Jack started to shrug, remembered what had happened the last time he did that.

"I disabled your security system and got into your office," he said. "I took this to prove it."

He pulled the paperweight from his pocket and set it on the nearest corner of Gazen's desk. "Not just anyone could do something like that and get away with it."

Gazen's eyebrows lifted slightly. "Do you really think you got away with it?"

Jack winced. "No, not really."

"Good," Gazen said. "Then all we have to do is decide what exactly I'm going to do with you."

Jack's pulse was pounding unpleasantly hard in his neck. The basic assumption here had always been that he was worth too much money to kill out of hand.

Now, looking into Gazen's dead eyes, he wasn't at all sure about that anymore. "I'm a

professional thief," he said carefully. "A good one, too. I could do those kinds of jobs for you."

"I've got my own thieves," Gazen said. "What do I need you for?"

Jack's pulse picked up a little more speed. Had Gazen given up on the auction Uncle Virge had mentioned? Or was this a psychological game of his own?

"People don't expect a kid like me to be a thief," he said.

"Especially when that thief goes under another name?" Gazen suggested. "Or did Heetoorieef merely get your name wrong when you checked in with him?"

"No, I gave him the wrong one," Jack admitted.

"Why?"

That was a darn good question, Jack decided. It deserved a good answer, too.

Problem was, he didn't have one to give. "It was mostly because—"

He broke off as a knock came at the door. "Enter," Gazen called.

The door opened, and an extra-wide Brummga lumbered in. "Morning slave report, Panjan Gazen," he announced, handing Gazen a data tube.

"Thank you," Gazen said, plugging the tube into his computer. He flipped a few pages, his eyes skimming across the display. "Still sick, I see."

He looked back at Jack. "The next time you borrow a name, try to pick someone who isn't already showing up on the sick reports," he said. "Or did you think Brummgan computer systems would be too stupid to notice something like that?"
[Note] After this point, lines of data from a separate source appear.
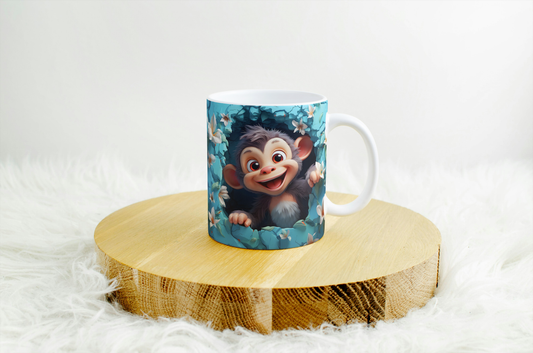 11oz mug with 3d design . monkey .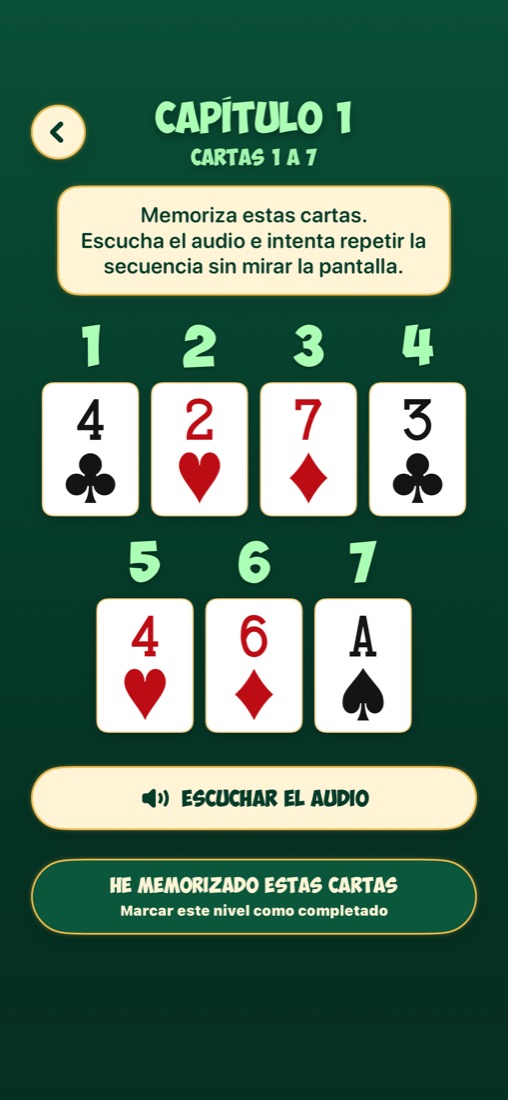 Pantalla de formación progresiva de MemoDeck en iPhone con cartas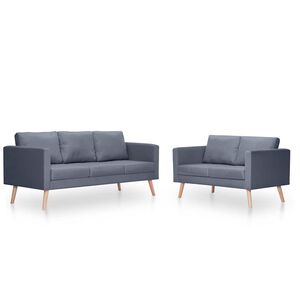 vidaXL Sofa Set 2-Seater and 3-Seater Fabric Dark Grey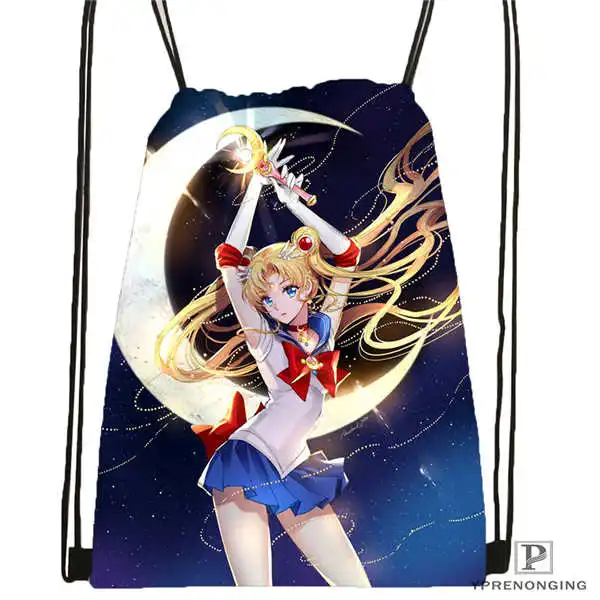 На заказ Bishoujo Senshi Sailor Moon походная сумка на шнурке милый рюкзак для детей(черная спинка) 31x40 см#180531-03-11 - Цвет: Drawstring Backpack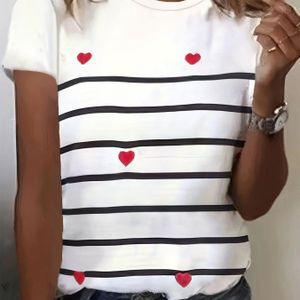 TEMU Europäische und Amerikanische Frühling und Sommer Damen Gestreiftes Love Element Digitaldruck Freizeit-T-Shirt + Nian Nian, Damen T-Shirts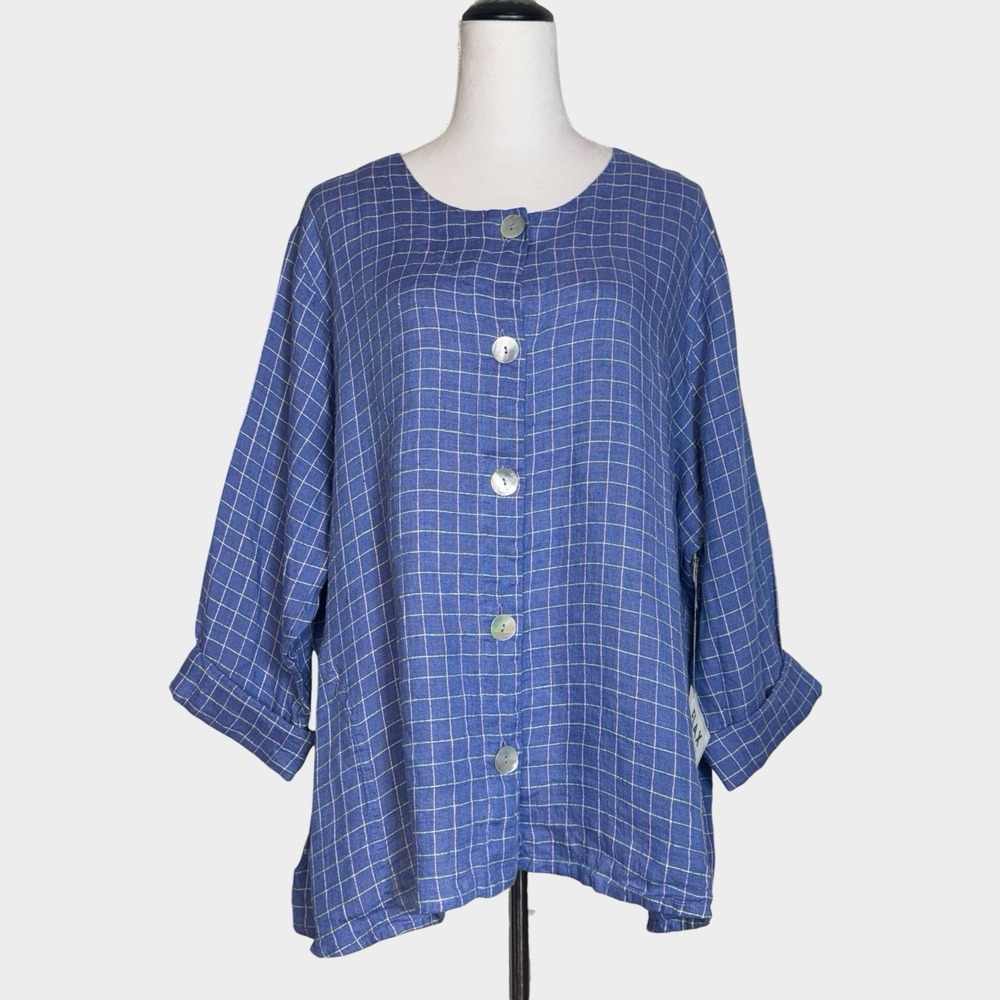 FLAX 100% Linen Jacket Button Blouse Tunic 1G Plaid Blue Pink Green Lagenlook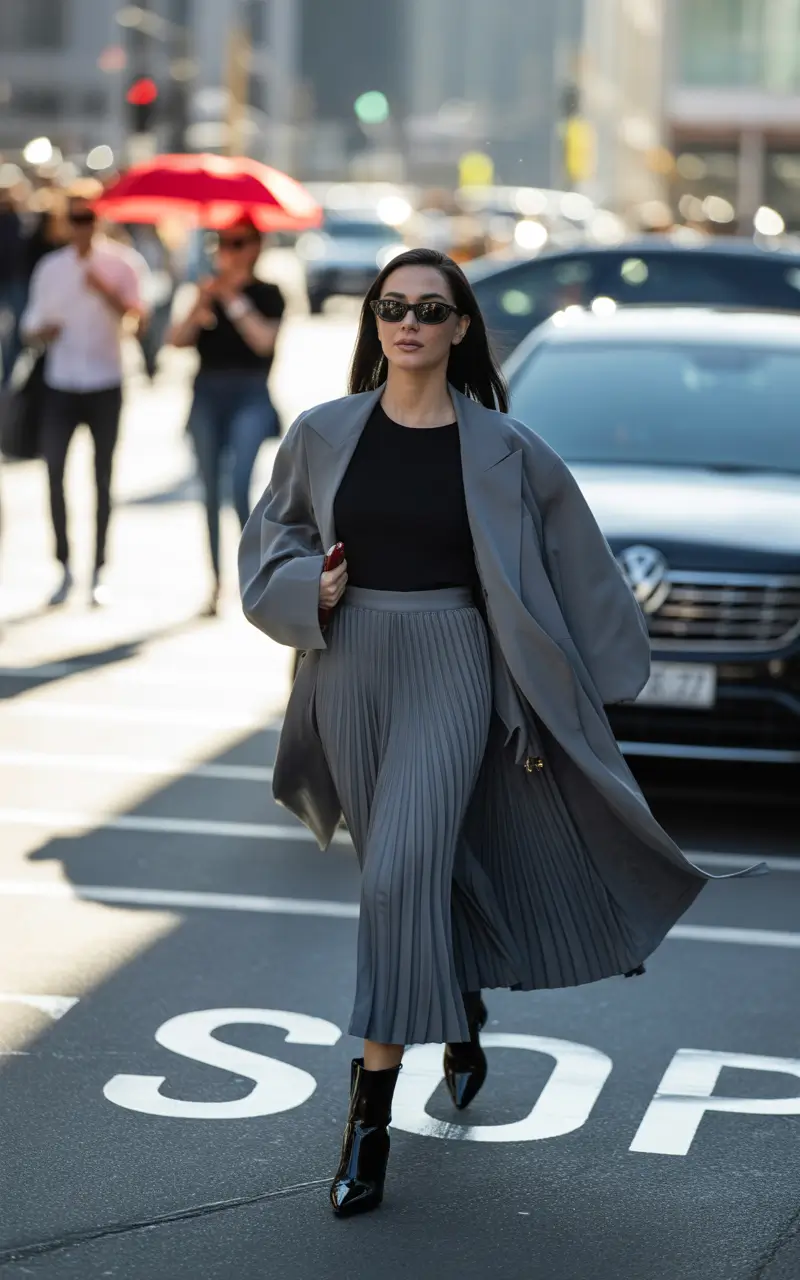 fall skirt outfits City Grey with a Slick Edge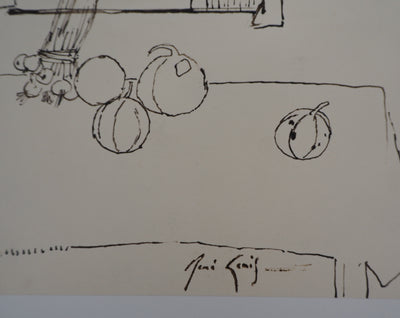René GENIS : Melons et bottes d'oignons - Dessin (détail)
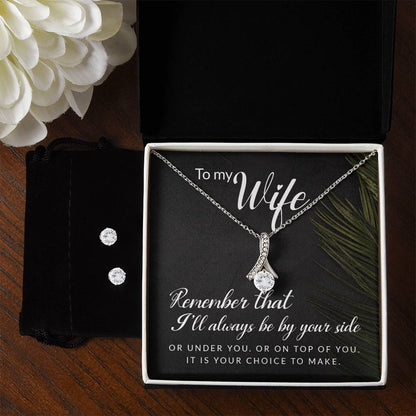 Funny Message to Wife - Alluring Beauty Necklace and Earring Set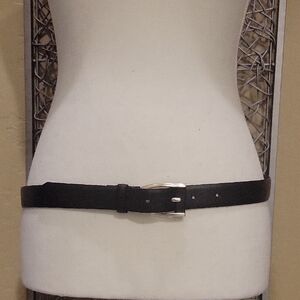 Calvin Klein 1" Dark Brown Leather Belt with Silver Buckle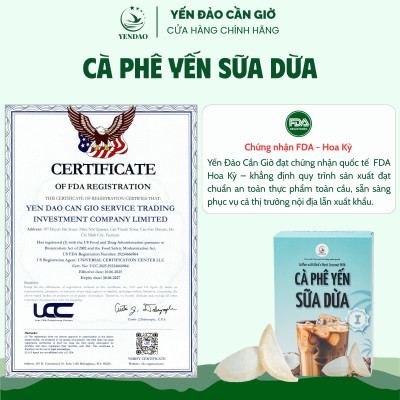 Yến Đảo - Cà Phê Yến Sữa Dừa Thơm Ngon, Đậm Vị Bổ Sung Năng Lượng, Dinh Dưỡng Cho Cơ Thể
Jack felt his throat tighten. The day of the magic show, he remembered, Noy had been coughing a lot. "I didn't know he was sick," he said.

"And didn't care either, I suppose." Gazen shifted his eyes back to the computer display. "Put him in an isolation hut," he told the Brummga. "We don't want this spreading to the rest of them."

"Treatment?" the Brummga asked.

"None," Gazen said darkly. "I'm tired of this. The boy's always been more trouble than he's worth."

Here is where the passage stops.